As the development of biomarkers and safety margins improves, translation of closed-loop neuromodulation is proceeding in epilepsy, movement disorders, TBI, and stroke rehabilitation, with cautious extensions into affective disorders, OCD, and neurodegeneration [166,167,168]. Long-term molecular feedback control that senses slow variables (transcriptional, immune, metabolic, glymphatic state) and triggers matched molecular actuators remains speculative and requires substantial validation [169].
Limitations to the translation of adaptive control include real-time high dimensional processing, interpretability for clinical trust and regulatory compliance, and ethical issues related to privacy, accountability, equity, and the prevention of unregulated identity/cognition alteration [170]; together these limit the acceptable operation conditions of adaptive control [171].
Adaptive control enables the operationalization of the Section 2 state transition framework by combining observability-based state estimation, controllability-aware energy minimization, and timing-sensitive actuation to direct the individualized trajectories away from pathological basins and towards adaptive attractors. Closed-loop neuromodulation has provided clinical proof of concept, while multimodal and molecularly integrated controller architectures are developing, collectively providing the potential for safe bounded design of transitions of brain states [172].

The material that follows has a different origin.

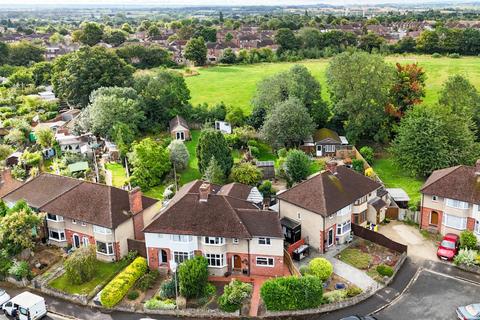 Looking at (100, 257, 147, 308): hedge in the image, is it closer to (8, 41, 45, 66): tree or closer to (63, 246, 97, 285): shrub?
(63, 246, 97, 285): shrub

4.4. Perspectives and Future Directions

The many control approaches illustrated previously are speculative in nature and have been provided to provide a basis for potential expansions of the dynamical model; they do not reflect existing clinical validation. Future closed-loop neurostimulation systems may leverage several types of non-electrical control surfaces including optical, magnetic, pharmacological, and genetic to better modulate both fast trajectory modulation and long-term basin remodeling [173]. A possible architecture for long-horizon neurostimulation is molecular feedback control loops where slow variables are sensed (transcriptional, immune, metabolic, glymphatic states) and matched molecular actuators (epigenetic regulation, gene expression control) are activated. However, these designs are hypothetical at this time and will need rigorous validation in terms of safety, identifiability, and translation prior to clinical implementation [174].

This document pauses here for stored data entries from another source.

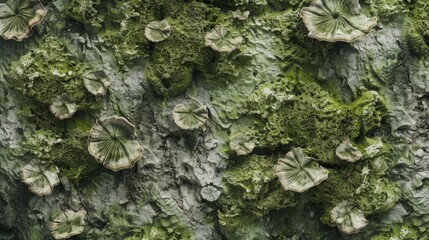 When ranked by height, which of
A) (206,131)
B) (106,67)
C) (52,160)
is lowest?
(52,160)

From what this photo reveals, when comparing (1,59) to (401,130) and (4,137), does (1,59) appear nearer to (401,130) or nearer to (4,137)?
(4,137)

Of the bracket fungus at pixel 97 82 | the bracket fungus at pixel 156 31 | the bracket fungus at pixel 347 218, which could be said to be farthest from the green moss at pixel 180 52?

5. Molecular and Genetic Levers for Landscape Reconfiguration

The brain’s dynamic landscape is governed by its molecular and genetic systems and is capable of reorganization to allow the brain to recover from neurological injury and disease. This reorganization occurs as follows: the adaptive attractors are deepened, the size of the pathological basins is reduced, and the transition routes are opened. Thus, the recent advancements in molecular neurobiology, genome engineering, and systems neuroscience have created the possibility to create plausible methods of dynamically reorganizing the substrate on which cognition, behavior, and disease occur [175]. Below, we describe the primary mechanistic classes of molecular/genetic control and how they are combined with digital twin models and adaptive control to create programmable neurotherapeutics.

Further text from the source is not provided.